Mais investimentos no socioambiental e menos em obras
Outra questão em que Verri aposta para chegar a um melhor acordo para as negociações do Anexo C do tratado de Itaipu com o Paraguai é nas demandas sociais do país vizinho. Com características econômicas diferentes e de porte bastante inferior ao do Brasil (o Paraguai tem 7 milhões de habitantes), a divisão dos US$ 2 bilhões que resultarão de “sobras” pela quitação da dívida de construção da usina deverá ser significativa para o Paraguai. E, para o executivo brasileiro de Itaipu, o US$1 bilhão que cabem aos paraguaios seriam prioritários para temas como saúde e educação, em detrimento da infraestrutura.

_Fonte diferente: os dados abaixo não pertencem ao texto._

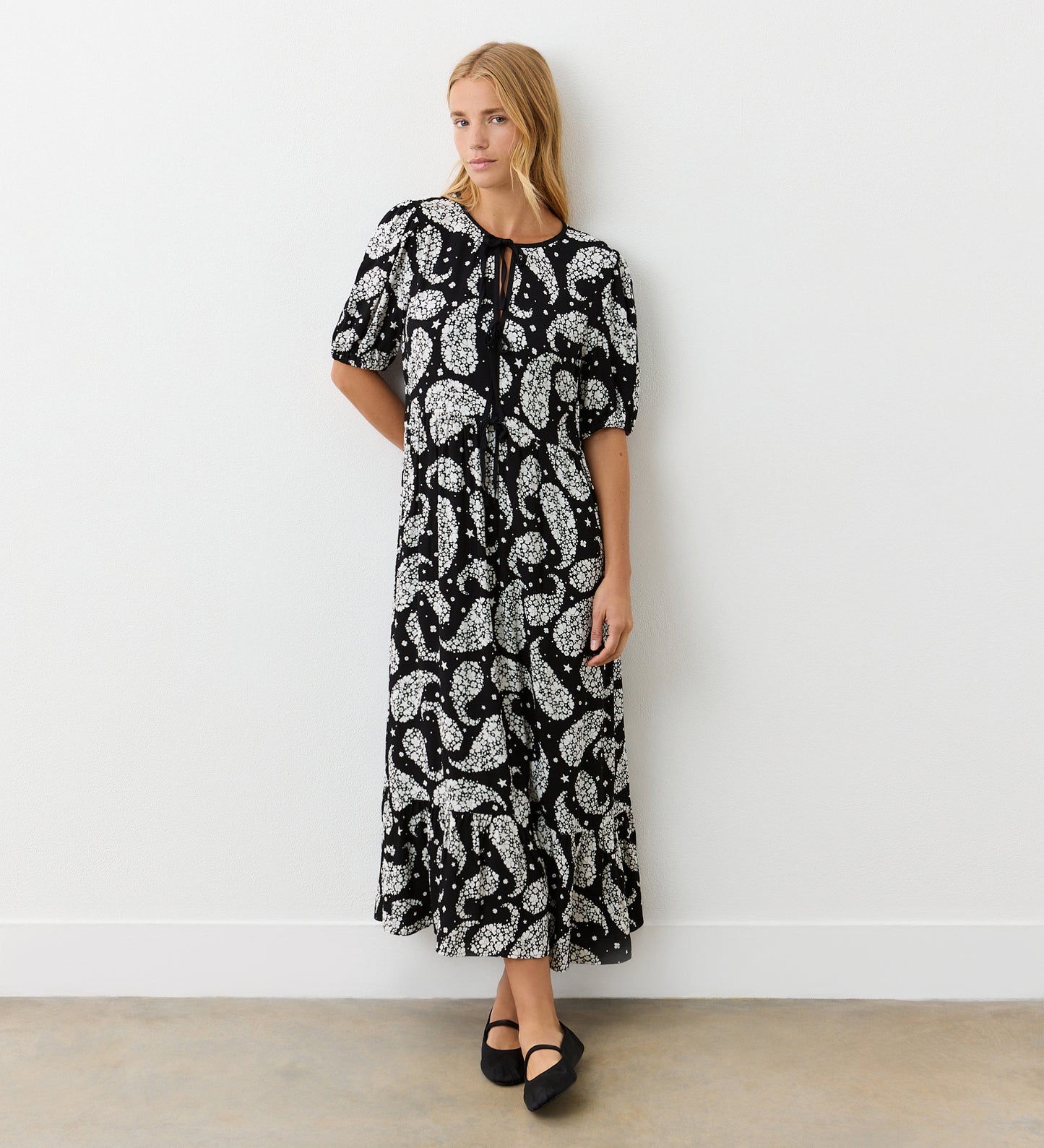 Cyra Black Paisley Tie Front Crepe Midi Dress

O que iria no mesmo sentido do foco dos investimentos de Itaipu em iniciativas de âmbito social e ambiental do lado brasileiro. Segundo Verri, conforme preconizado como prioridades do próprio tratado, as políticas sociais devem ganhar força nessa gestão, com perda do espaço para investimento em obras de infraestrutura.
“É minha prioridade, mantendo a ordem que está no tratado de Itaipu: a questão ambiental, social e infraestrutura. Não pretendemos dar continuidade a práticas anteriores. Não estou dizendo que estão erradas, até porque era de um governo eleito e que escolheu uma política, é normal. Agora é outro governo. E nós entendemos que a política está a serviço da vida das pessoas”, afirma.

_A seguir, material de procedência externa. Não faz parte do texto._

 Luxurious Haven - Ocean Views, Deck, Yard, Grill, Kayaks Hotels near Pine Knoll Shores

Com isso, ele promete retomar políticas de financiamento de associações comunitárias, agricultura familiar, trabalhos de reciclagem e assistenciais. E, no paralelo, adianta que promoverá a inovação tecnológica, por meio do Parque Tecnológico Itaipu (PTI). “Vamos fazer um trabalho concomitante, de longo prazo, no que se refere à competividade e inovação e, ao mesmo tempo, no atendimento emergencial à qualidade de vida das pessoas, qualificação de mão de obra e construção de uma relação social mais justa”, diz, garantindo que o novo enfoque de investimentos não implicará na suspensão de obras iniciadas ou já contratadas que Itaipu tem previstas até 2025.
Enquanto todas as pautas se concentram no campo da especulação, das questões que serão trazidas às tratativas entre os dois países o único fato é que, antes do vencimento do acordo e das efetivas deliberações, nada pode ser dado como certo. “Este é o cenário que nós temos. Se o anexo C nos levar a um outro desenho, é uma negociação. E negociação não se sabe como termina”.